Demystifying the Mediterranean Diet
Is the Mediterranean Diet Actually as Good as Research Says?
Photo by Chris Ralston (unsplash)
by Rebecca Clark
After a study published in 2013 tracking the effects of the Mediterranean Diet found it to be beneficial, people went crazy for the diet. However, the validity of the results are now being questioned, so where does that leave dieters?
The Mediterranean Diet consists of foods that people from countries bordering the Mediterranean Sea usually eat. The diet varies from country to country but the main foods include large amounts of fruit and vegetables, nuts, beans, fish and red wine. It also includes unsaturated fats such as olive oil but tends to avoid meat, dairy products and sugar.

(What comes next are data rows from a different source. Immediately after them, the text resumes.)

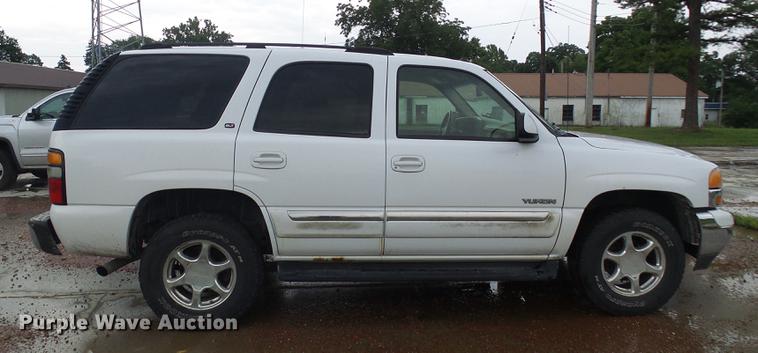 image for item DE5174 2003 GMC Yukon SUV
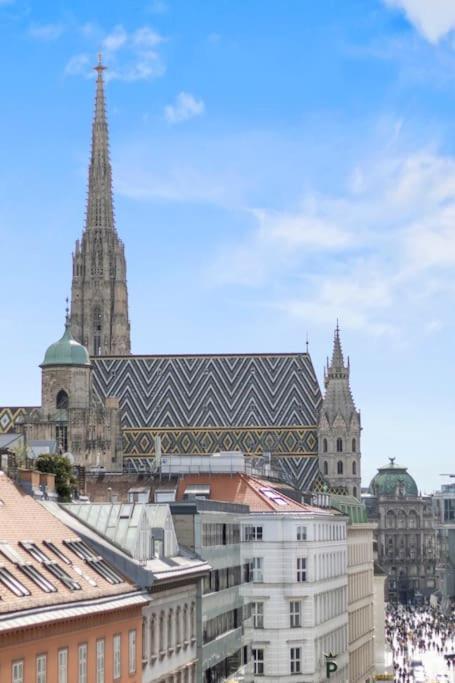 110 M2 3 Bedroom With Cathedral View *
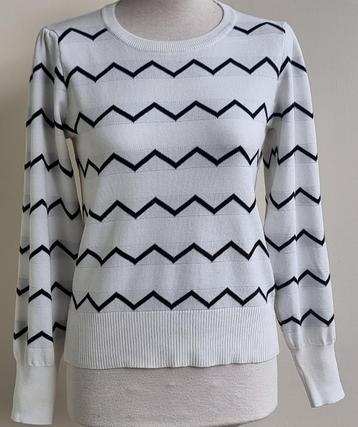 Witte trui met zwart patroon mt. S beschikbaar voor biedingen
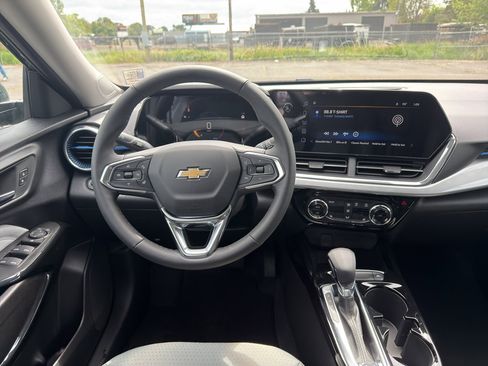New 2026 Chevrolet Trax LT FWD image 16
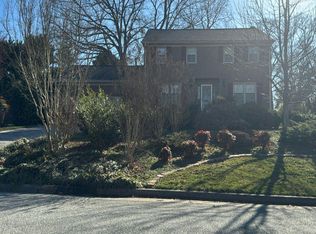 106 Stafford Oak Rd, Jamestown, NC 27282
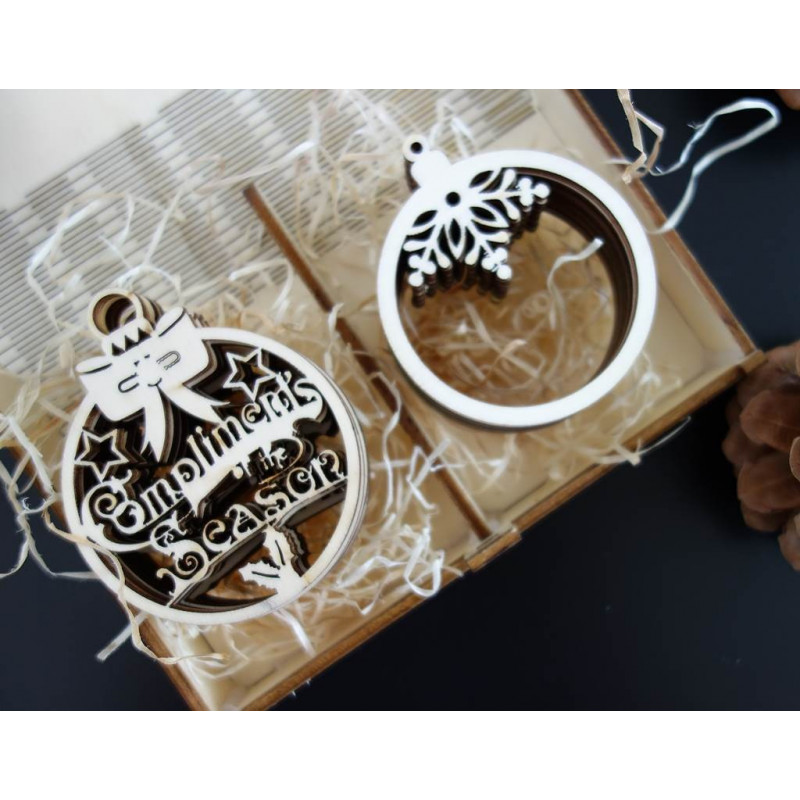 Dimensiuni ornamentale, decoratiuni de Craciun, accesorii din lemn, decoratiuni din lemn sau plastic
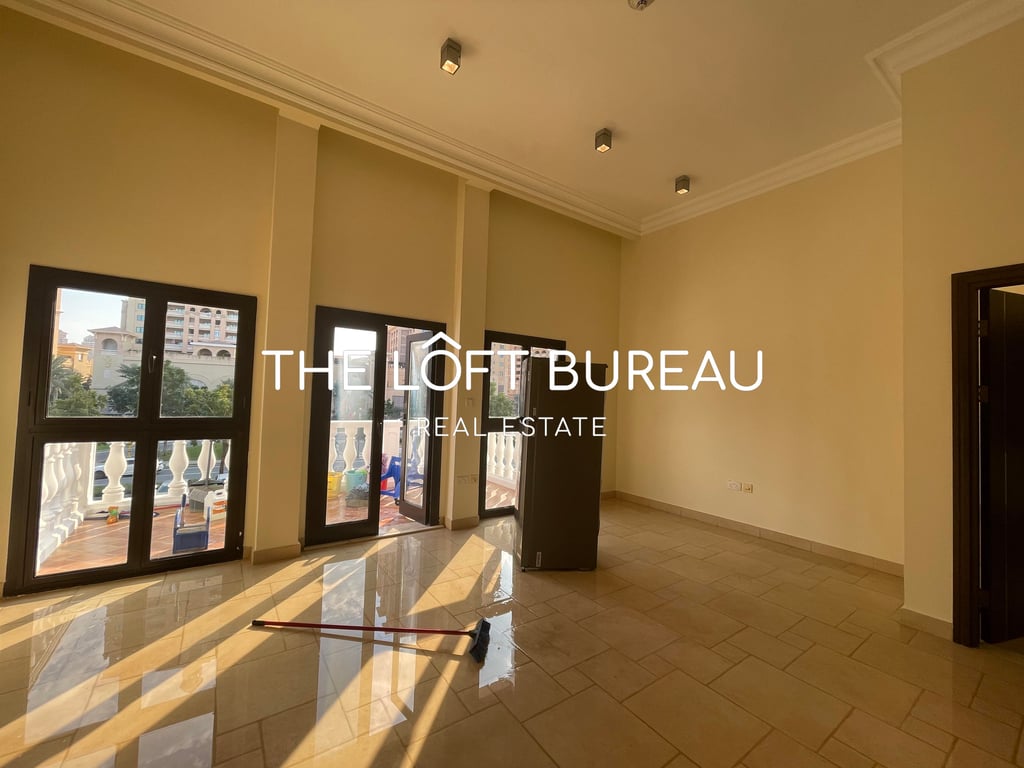 1 bedroom semi-furnished apartment located in Qanat Quartier. No commission and Qatar Cool included!!! - Apartment in Qanat Quartier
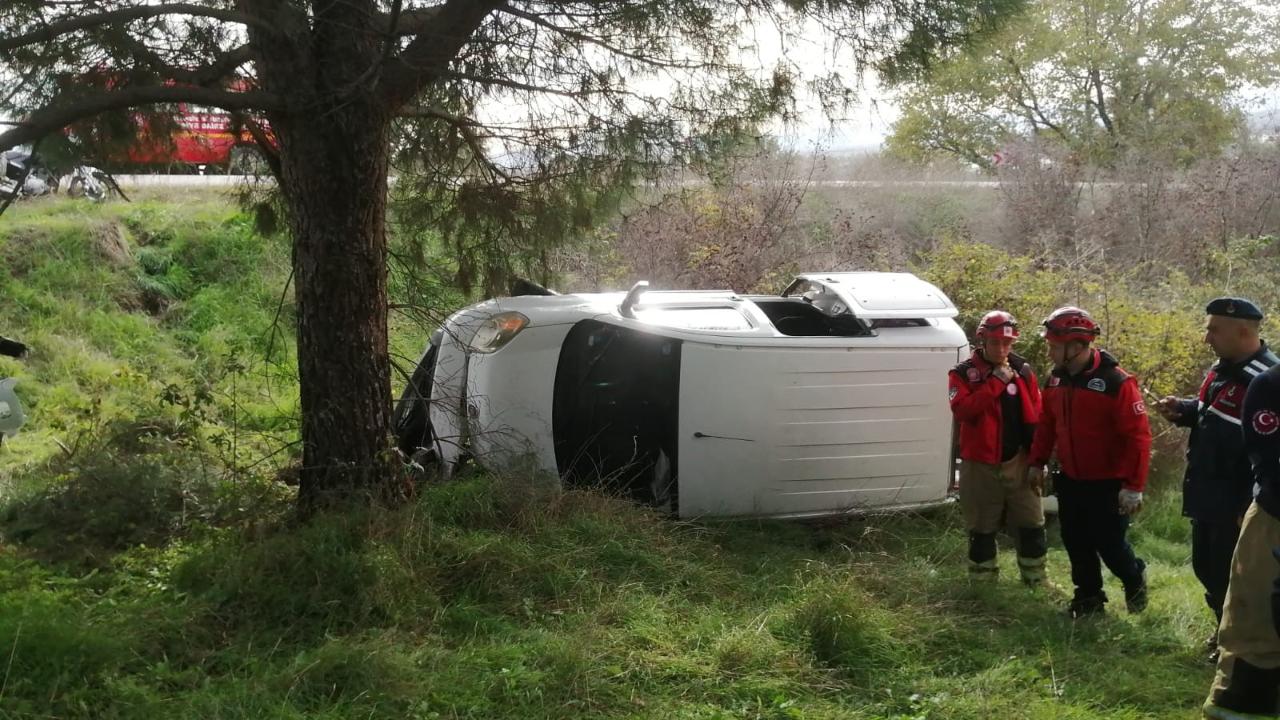 Gönen-Biga yolunda trafik kazası: 3 yaralı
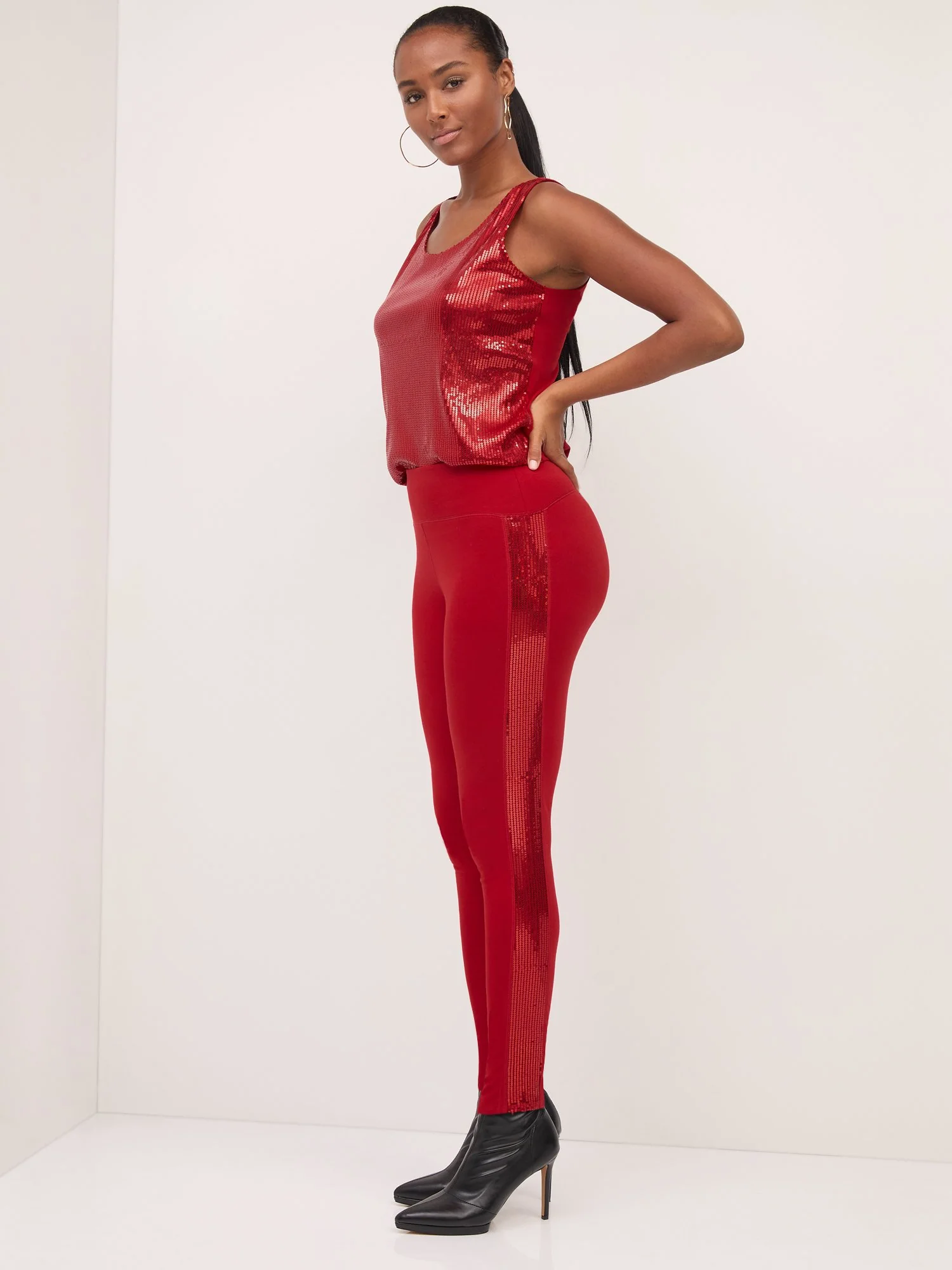 High-Waisted Sequin-Stripe Pocket Legging - Image 10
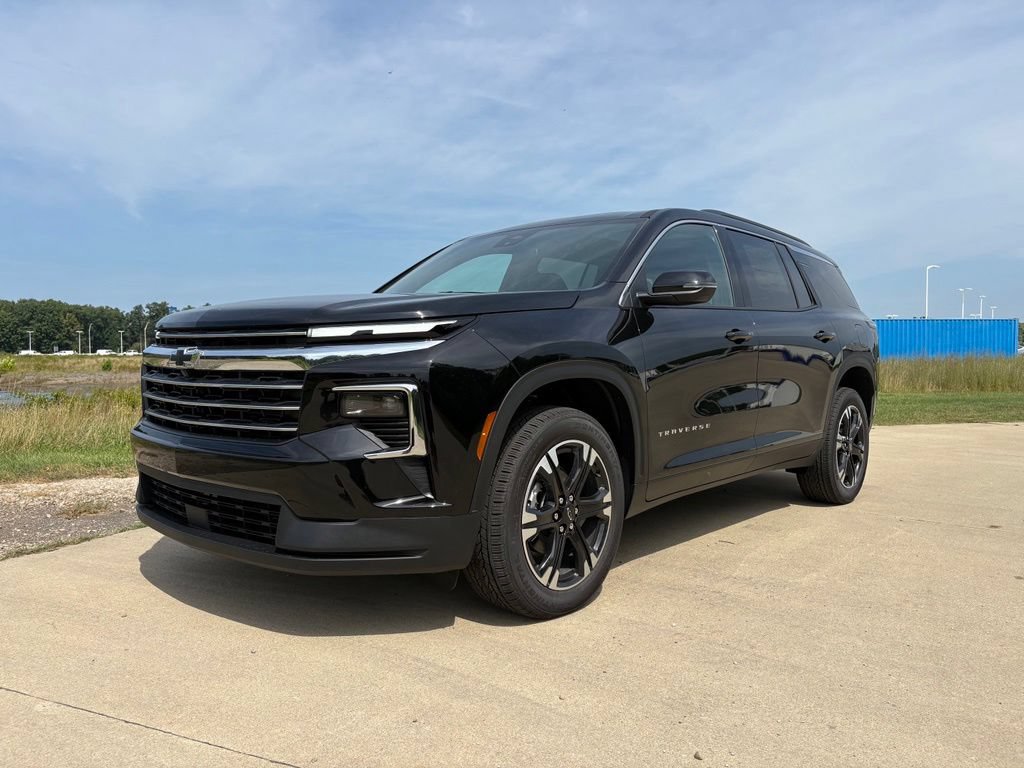 New 2027 Chevrolet Traverse LT w/ Sun and Wheel Package AWD/4WD image 1
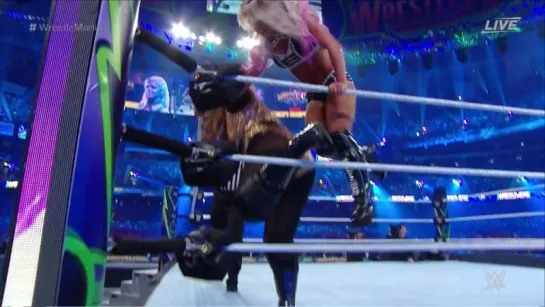 Alexa Bliss  vs. Nia Jax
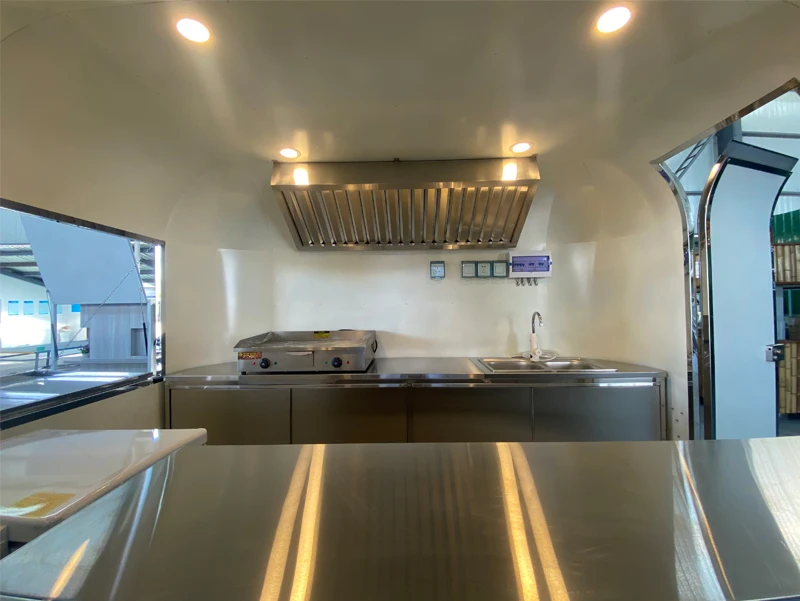 Europe Airstream Camper Trailer Travel Food Caravan Mobile Food Cart Food Truck For Sale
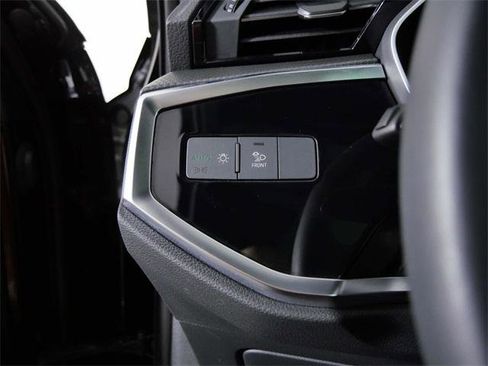 Certified 2025 Audi Q3 2.0T Premium w/ Convenience Package image 21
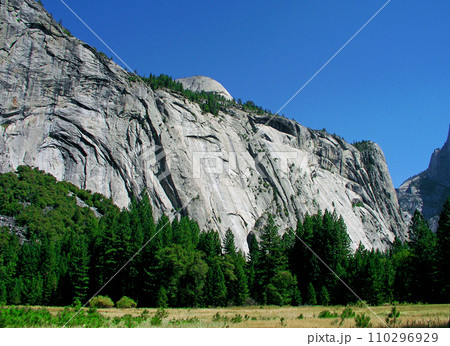 アメリカ合衆国 世界遺産 ヨセミテ国立公園 ヨセミテ渓谷から見上げるローヤルアーチはノース ドー アメリカ合衆国 世界遺産 ヨセミテ国立公園 ヨセミテ渓谷から見上げるローヤルアーチはノース ドー 110296929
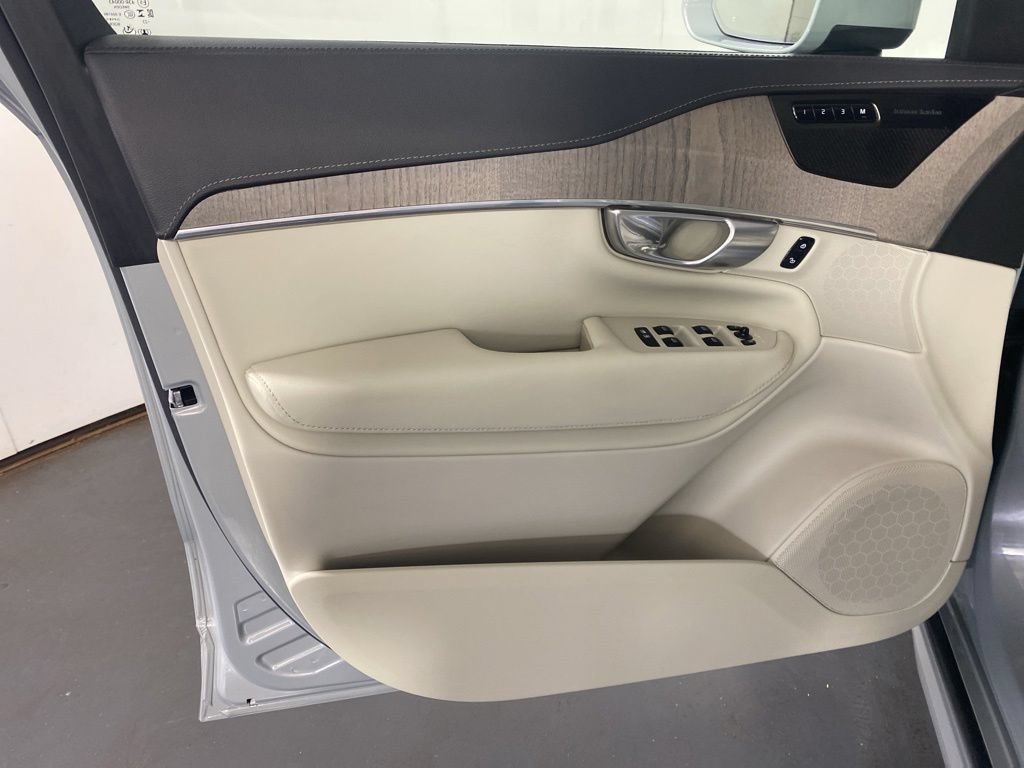 Used 2024 Volvo XC90 B6 Ultimate w/ Protection Package Premier AWD/4WD image 25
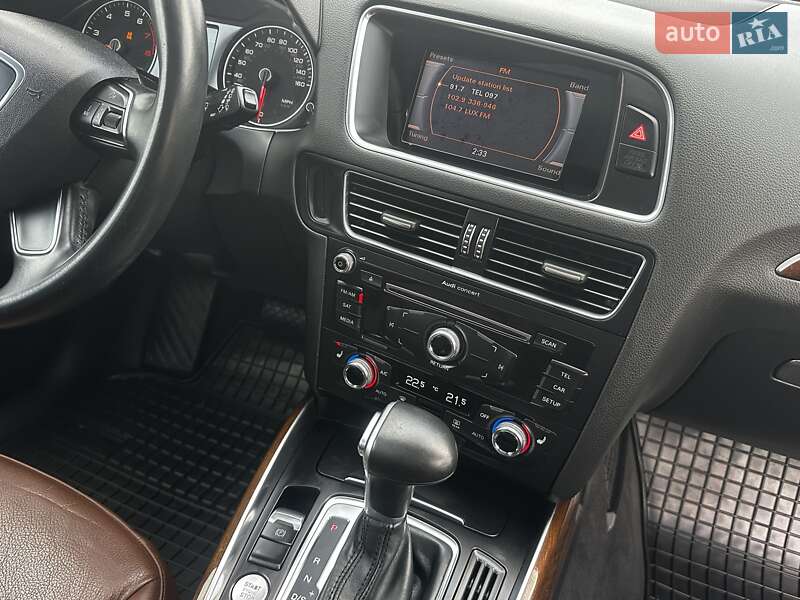 Позашляховик / Кросовер Audi Q5 2015 в Дрогобичі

The original study found that the diet reduces your risk of cardiovascular disease and more significantly decreases your risk of a stroke. Other studies have since contributed to the list of benefits, such as preventing ageing of the brain and delaying the onset of Alzheimer’s Disease.
However, the 2013 study, known as PREDIMED, has since been retracted and republished in the New England Journal of Medicine after the 7447 participants were not fully randomised. Participants were either assigned the low-fat control diet or a version of the Mediterranean Diet, however, some couples were assigned the same diet because of their marital status.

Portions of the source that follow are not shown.